Barber is somewhat autobiographical. The wily title character, who has dabbled in playwriting, is certainly a stand-in for the author. It's been pointed out that even his name, Figaro, may be a pun on Beaumarchais' birth name: fils Caron or "son of Caron." The play's plot is uncomplicated—the servant who helps his master overcome obstacles to win his beloved—but the details are sophisticated and very funny indeed. The play's commedia dell'arte origins were here made more realistic: Beaumarchais was very proud that the villain of the piece is never merely an antagonist, but has hopes and dreams of his own, however absurd.  

But you need know none of this to enjoy this terrific farce about true love and its bumpy courses. Even if all you know about The Barber of Seville are bits of Rossini's overture—well, lucky you. But get your ticket because, to borrow a phrase from our friend Speight Jenkins, it's going to be a great show! 

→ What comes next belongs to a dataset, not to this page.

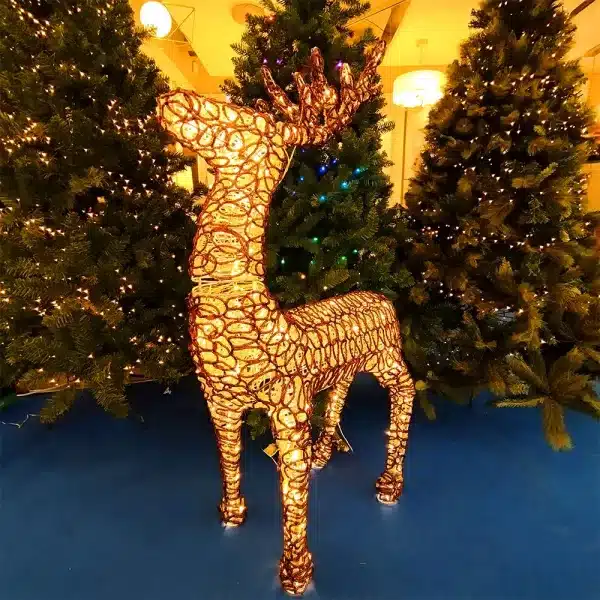 Light up LED standing reindeer outdoor Christmas decoration showroom display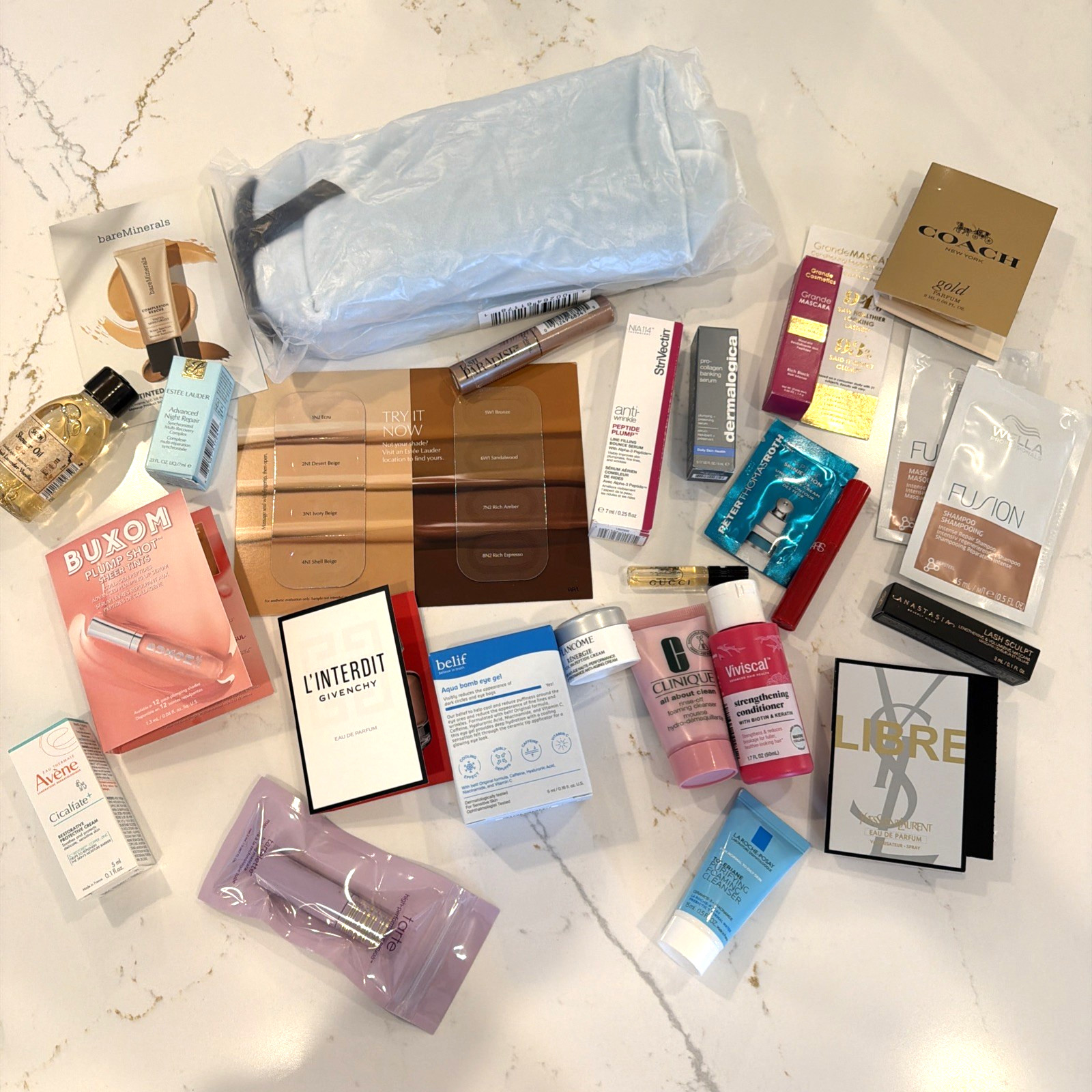 Huge 25+ Beauty Makeup Mascara Skincare Lot Sample & Deluxe Sz Ulta Sephora Bag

From Beaumarchais' introduction to this play

Works for the theatre, Sir, are like children are for women: conceived with a thrill of intense pleasure, rounded out with some exhaustion, delivered in agony, and rarely surviving long enough to repay the parents for their trouble: more of a grief than a pleasure. Follow them in their career: they hardly see the light of day than they are accused of being trouble-makers, and censors are applied: as a result, any further development is often stunted. Instead of gently watching them play, the cruel denizens of the pit handle them roughly, and often drop them: sometimes the actor employed to make them presentable lets them fall so flat they never walk again. Let them out of your sight for a moment, and you find them, sad to say, playing anywhere, but in rags, unrecognisable, hideously cut about and crawling with critics. If they escape all those calamities, and shine for a moment in the world, they fall victims to the greatest of them all, and die a lingering death from being forgotten: their life is over, they are allowed to sink back into oblivion, lost forever in the vast immensity of books.